The U.S. State Department announced a $10 million reward on Friday for information about the whereabouts of Iran’s new supreme leader, Mojtaba Khamenei.

The department’s Rewards for Justice program placed a bounty on 10 of Iran’s most senior remaining leaders, including Khamenei and Ali Larijani, secretary of Iran’s Supreme National Security Council and the country’s top security official.

“These individuals command and direct various elements of Iran’s Islamic Revolutionary Guard Corps, which plans, organizes and executes terrorism around the world,” the department stated.

The Rewards for Justice Program has previously offered bounties for terrorists like former al-Qaeda leaders Osama bin Laden and Ayman al-Zawahiri. Syrian President Ahmed al-Sharaa was the subject of a $10 million reward under the program until he was removed in 2024.

Five of the people designated on Friday are listed by their titles with no name or photograph, including “secretary of the defense council” and “the IRGC commander.”

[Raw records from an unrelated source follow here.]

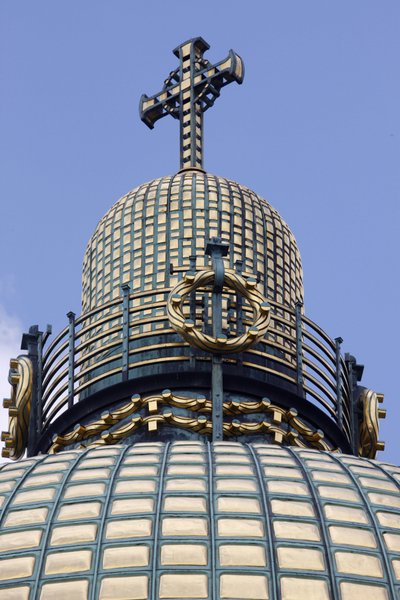 The church of St Leopold, Vienna, Austria by Otto Wagner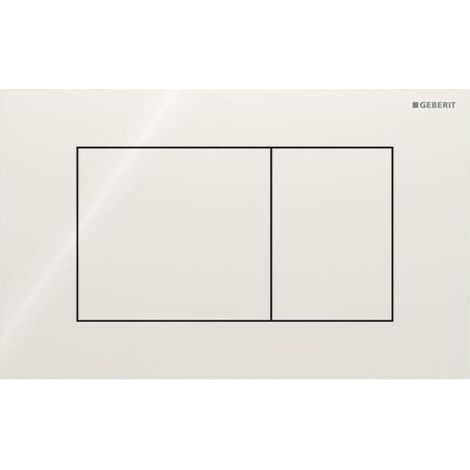 Geberit Sigma 40 Square Plaque de commande 115629JL1 Square , gris sable, pour double chasse, ronde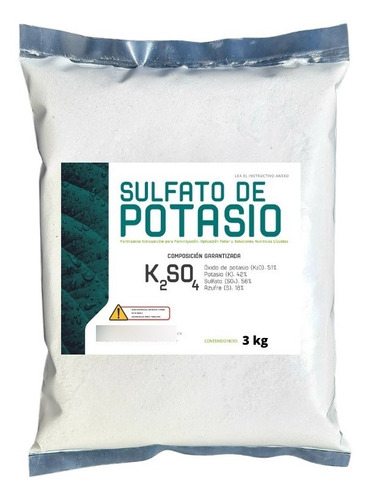 Sulfato De Potasio 3kg Hidroponia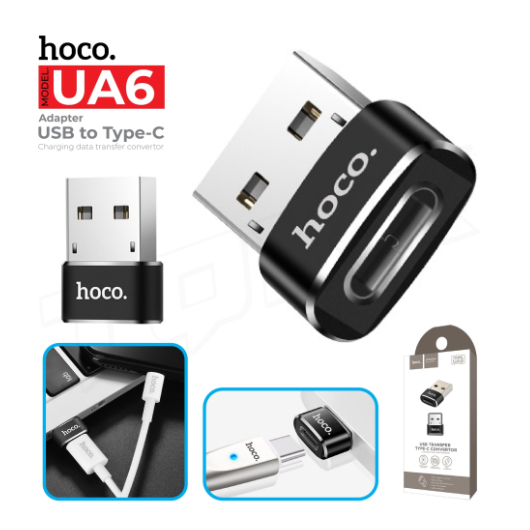 Hoco UA6 UA8 UA10 USB TO TYPE-C CONVERTER ADAPTER หัวแปลง ตัวแปลง สำหรับชาร์จและถ่ายโอนข้อมูล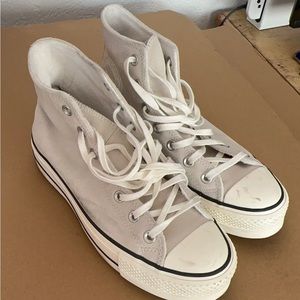 Converse Suede Platform Hightops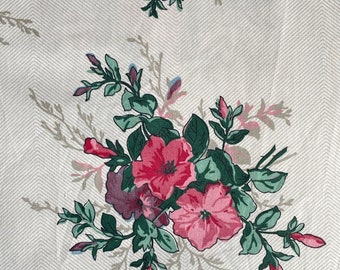 Vintage Laura Ashley Cotton Floral Chintz Fabric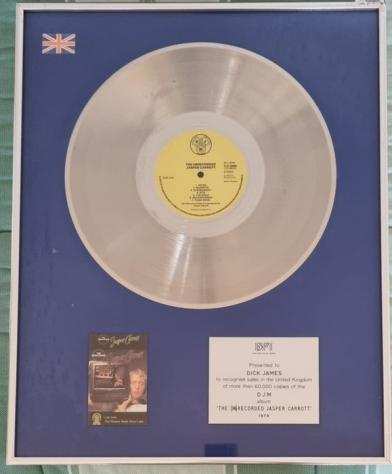 JASPER CARROTT BPI Silver Album Record Award - Oggetto decorativo - 1979
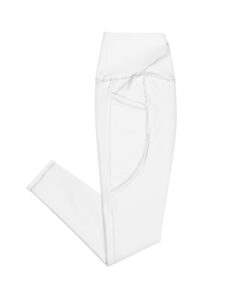 Leggings de cintura cruzada con bolsillos personalizable, vista lateral derecha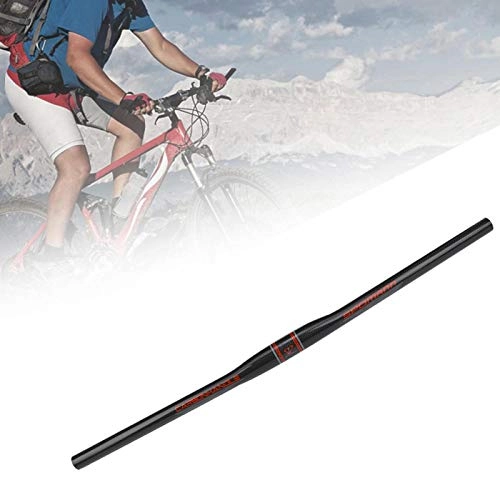 Manubri per Mountain Bike : Pwshymi squisita fattura Manubrio in Fibra di Carbonio Ultraleggero in Fibra di Carbonio di qualità(Straight Red Label 700 * 31.8mm)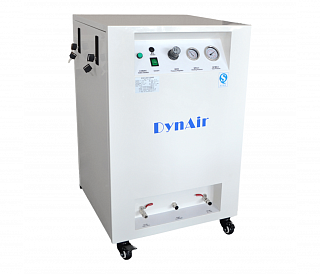 Dynamic DynAir DA7001DCS - безмасляный компрессор на одну установку, 78 л/мин, ресивер 30 л, с кожухом, с осушителем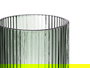 Vivalto Vaso Bajo Verde Musgo Rayas 270 ml, 7.2x9.3x7.2 cm (Set de 24)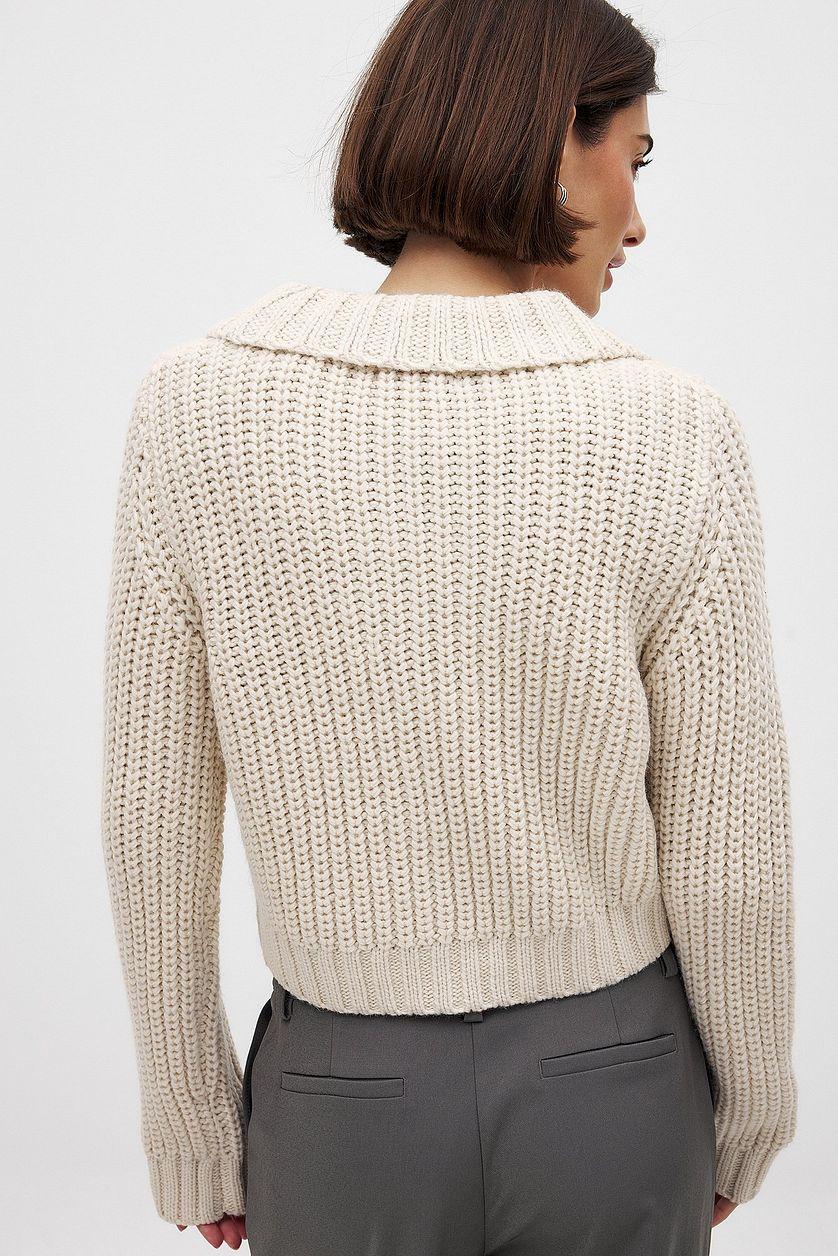Knitted Cardigan Offwhite Product Image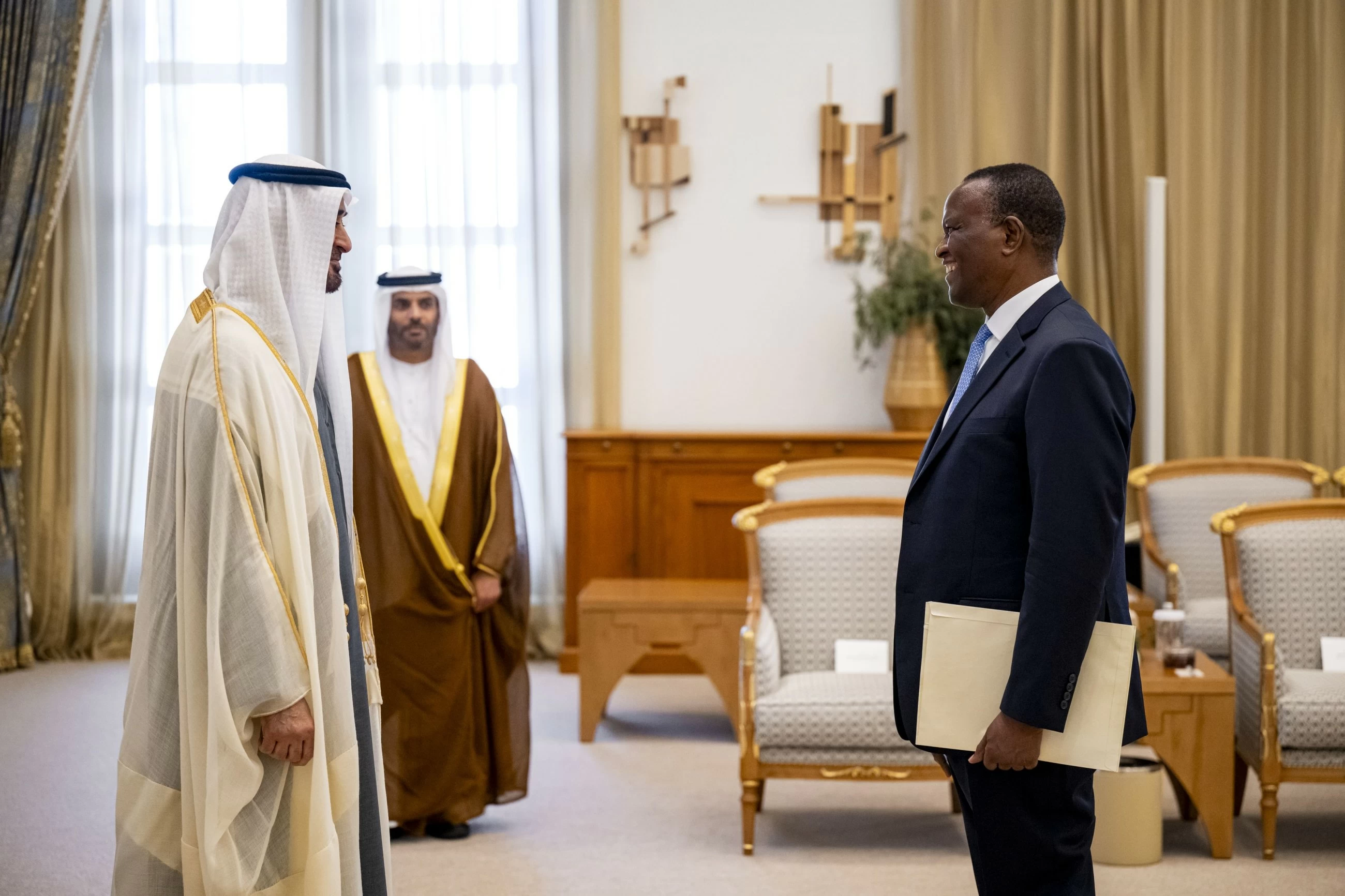 UAE President receives credentials of newly appointed ambassadors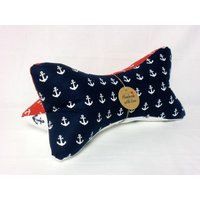 Leseknochen Knochenkissen Lesekissen Nackenkissen Anker #9# von NaehstuebchenJasalu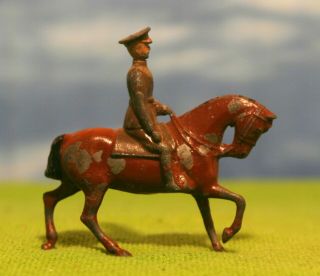 Britains - Vintage Mounted Soldier On Brown Horse Rare Lead Figure (6)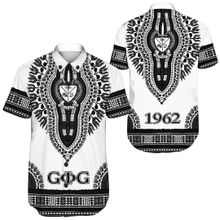 Africa Zone Short – Groove Phi Groove Dashiki (White) Short Sleeve Shirt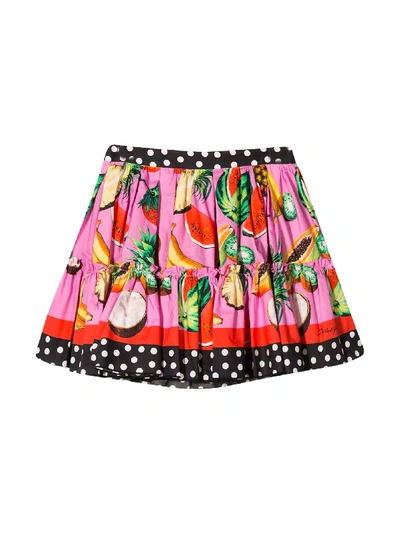 Shop Dolce & Gabbana Fuchsia Skirt In Rosa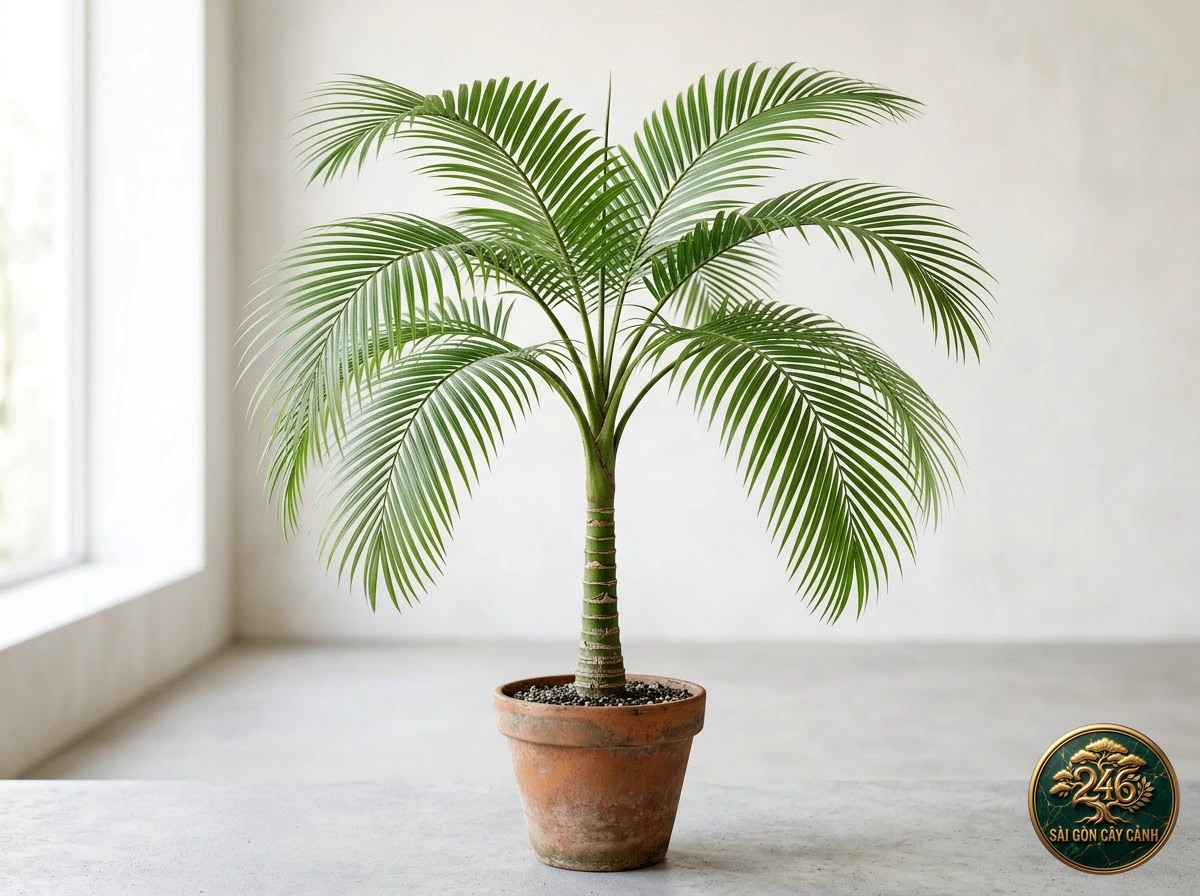 Cau đường mía mía kiểng (Dypsis baronii) - Chân dung hình thái chuẩn Sài Gòn Cây Cảnh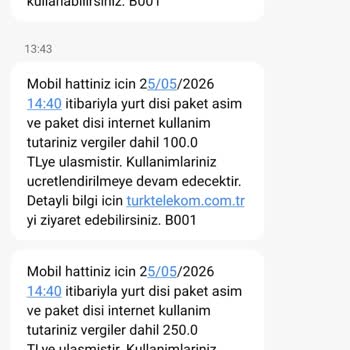 Kullanılamayan 10GB Paketi Ve Haksız 2.575TL Ek Fatura İçin Tam İade Talebi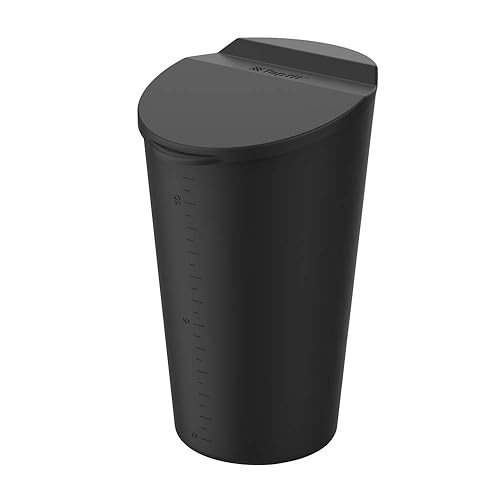 ThinSGO Basurero de silicona para automĂłvil con tapa, soporte para tazas de automĂłvil, cubo de basura para automĂłvil, uso en la oficina en casa ThinSGO Basurero de silicona para automĂłvil con tapa, soporte para tazas de automĂłvil, cubo de basura para automĂłvil, uso en la oficina en casa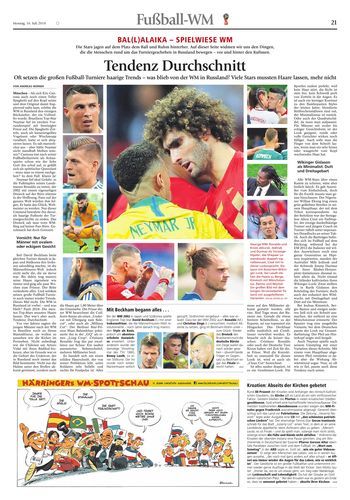 Seite RO21, Ressort Oberbayerisches Volksblatt
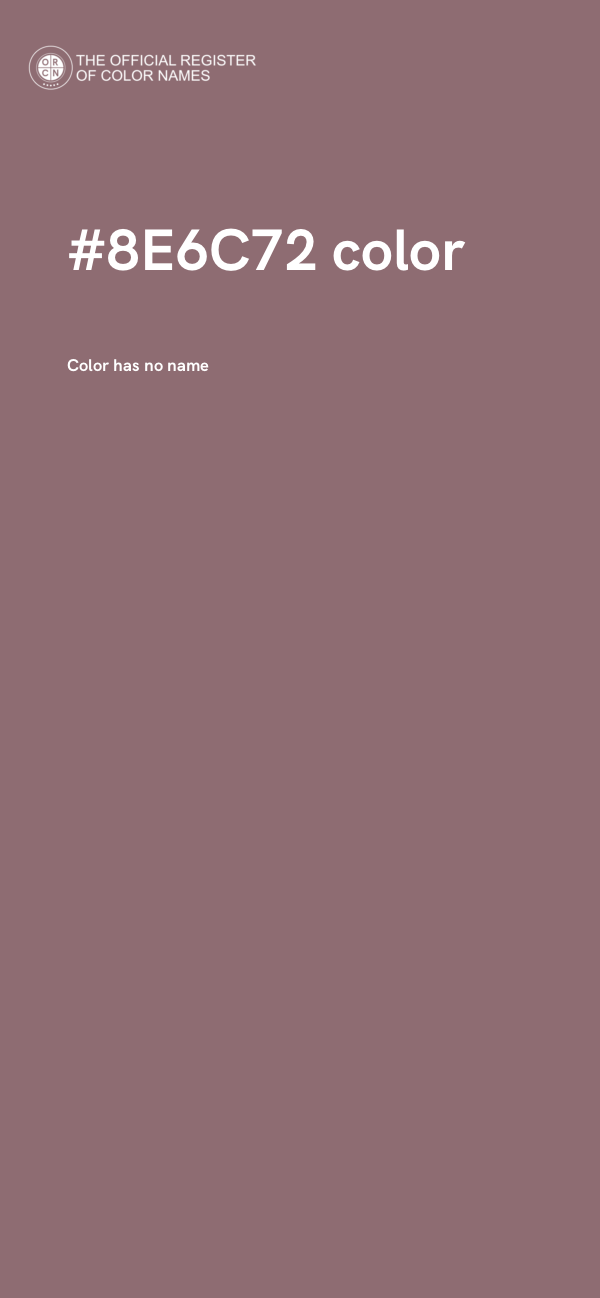 #8E6C72 color image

The United States and Israel have killed many of Iran’s top leaders, including former IRGC commander Mohammad Pakpour and Ayatollah Ali Khamenei, the former supreme leader and Mojtaba’s father.

Larijani posted a video of Iranian President Masoud Pezeshkian walking in Tehran on Friday for the country’s annual Quds Day demonstrations against Israel and taunted U.S. Defense Secretary Pete Hegseth’s claim that Iranian leaders were hiding underground.

“Mr. Hegseth, our leaders have been, and still are, among the people,” Larijani wrote. “But your leaders? On Epstein’s island!”

Larijani also did a live interview with Iranian media during the march.

U.S. President Donald Trump told Fox News in an interview that aired Friday morning that he believed Mojtaba Khamenei, who has not appeared in public since he was elevated to supreme leader, was wounded.

“I think he’s damaged, but I think he’s probably alive in some form,” Trump said.

The U.S. president told reporters that he intends to read his agreement with the Iranian regime “word by word” publicly to set the record straight.